Occurrence of White Sharks (Carcharodon carcharias) in Hawaiian Waters

1Pelagic Fisheries Research Program, Department of Oceanography, University of Hawaii at Manoa, 1000 Pope Road, Honolulu, HI 96822, USA
2Hawaii Division of Aquatic Resources, 1151 Punchbowl Street, Honolulu, HI 96813, USA

Received 27 August 2012; Revised 6 March 2013; Accepted 7 March 2013

Academic Editor: E. A. Pakhomov

Copyright © 2013 Kevin Weng and Randy Honebrink. This is an open access article distributed under the Creative Commons Attribution License, which permits unrestricted use, distribution, and reproduction in any medium, provided the original work is properly cited.

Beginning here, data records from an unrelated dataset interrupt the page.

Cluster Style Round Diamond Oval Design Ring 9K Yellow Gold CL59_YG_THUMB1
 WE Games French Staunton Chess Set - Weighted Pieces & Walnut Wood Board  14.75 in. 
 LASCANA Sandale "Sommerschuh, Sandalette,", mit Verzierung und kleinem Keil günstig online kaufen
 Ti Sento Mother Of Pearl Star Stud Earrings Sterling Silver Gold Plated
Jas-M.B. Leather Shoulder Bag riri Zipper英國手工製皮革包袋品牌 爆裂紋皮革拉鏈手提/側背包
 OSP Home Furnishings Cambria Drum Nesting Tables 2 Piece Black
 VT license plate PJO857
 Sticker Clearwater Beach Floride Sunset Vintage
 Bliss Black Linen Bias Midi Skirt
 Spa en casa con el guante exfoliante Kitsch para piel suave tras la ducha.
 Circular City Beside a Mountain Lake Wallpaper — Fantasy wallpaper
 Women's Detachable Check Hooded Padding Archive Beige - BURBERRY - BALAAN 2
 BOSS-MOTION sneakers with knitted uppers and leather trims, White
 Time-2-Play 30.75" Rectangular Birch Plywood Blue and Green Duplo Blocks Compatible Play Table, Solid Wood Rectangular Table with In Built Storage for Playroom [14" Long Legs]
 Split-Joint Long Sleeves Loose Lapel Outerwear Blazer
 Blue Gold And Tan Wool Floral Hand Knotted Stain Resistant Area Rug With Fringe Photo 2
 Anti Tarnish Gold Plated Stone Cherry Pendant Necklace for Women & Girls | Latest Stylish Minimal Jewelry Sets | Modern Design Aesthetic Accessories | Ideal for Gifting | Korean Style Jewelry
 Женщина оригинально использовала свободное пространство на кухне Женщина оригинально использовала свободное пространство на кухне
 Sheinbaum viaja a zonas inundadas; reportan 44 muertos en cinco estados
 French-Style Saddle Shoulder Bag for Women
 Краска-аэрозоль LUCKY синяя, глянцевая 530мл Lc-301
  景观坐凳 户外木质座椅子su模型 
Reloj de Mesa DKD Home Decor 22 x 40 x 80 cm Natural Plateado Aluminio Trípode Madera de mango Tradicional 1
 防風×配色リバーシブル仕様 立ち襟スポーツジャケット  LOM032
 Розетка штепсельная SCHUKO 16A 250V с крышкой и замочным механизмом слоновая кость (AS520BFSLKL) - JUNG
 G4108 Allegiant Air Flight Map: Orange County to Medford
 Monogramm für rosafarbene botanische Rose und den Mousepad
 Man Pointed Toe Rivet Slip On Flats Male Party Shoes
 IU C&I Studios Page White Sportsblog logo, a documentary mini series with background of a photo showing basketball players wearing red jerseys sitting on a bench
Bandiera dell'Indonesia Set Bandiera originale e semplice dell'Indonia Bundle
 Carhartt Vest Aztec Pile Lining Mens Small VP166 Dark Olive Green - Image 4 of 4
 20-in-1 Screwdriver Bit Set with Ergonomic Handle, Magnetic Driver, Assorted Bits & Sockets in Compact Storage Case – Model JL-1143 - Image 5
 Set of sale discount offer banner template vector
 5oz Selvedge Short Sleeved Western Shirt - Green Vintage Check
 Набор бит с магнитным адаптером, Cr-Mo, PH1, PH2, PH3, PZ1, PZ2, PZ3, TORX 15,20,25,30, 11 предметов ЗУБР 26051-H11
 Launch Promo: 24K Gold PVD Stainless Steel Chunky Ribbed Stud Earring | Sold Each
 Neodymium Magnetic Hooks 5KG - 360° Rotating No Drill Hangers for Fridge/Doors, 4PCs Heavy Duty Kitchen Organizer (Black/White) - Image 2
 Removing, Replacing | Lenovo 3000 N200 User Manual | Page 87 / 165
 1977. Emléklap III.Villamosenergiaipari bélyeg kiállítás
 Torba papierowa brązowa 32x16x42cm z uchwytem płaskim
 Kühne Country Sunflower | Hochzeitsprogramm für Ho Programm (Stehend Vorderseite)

White sharks (Carcharodon carcharias) have been known in Hawaii (~158°W, 22°N) since the time of ancient Hawaiians. We compiled sightings and records from 1926 to the present (4 females, 2 males, and 8 unknown sex; 3.3–4.5 m total length) and compared them with satellite tracking records (7 females, 9 males, and 6 unknown; 3.7–5.3 m total length). White sharks have been sighted in Hawaii throughout the year, whereas satellite tracking studies show individuals near the North American coast during fall and offshore during spring for the eastern North Pacific population (northern fall/spring). The mismatch of these datasets could hypothetically be consistent with fall-sighted individuals being sourced from a different population or part of a resident population. However, recently documented multiyear movements of North American sharks revealed that the annual nearshore-offshore pattern does not hold for mature females, which ranged over larger areas and were offshore during the fall. We found that fall white shark sightings in Hawaii are predominantly of females, most likely visitors from the eastern North Pacific population. Misidentification of other species as white sharks frequently occurs by fishers and in the news media, and we suggest methods for discrimination of related species.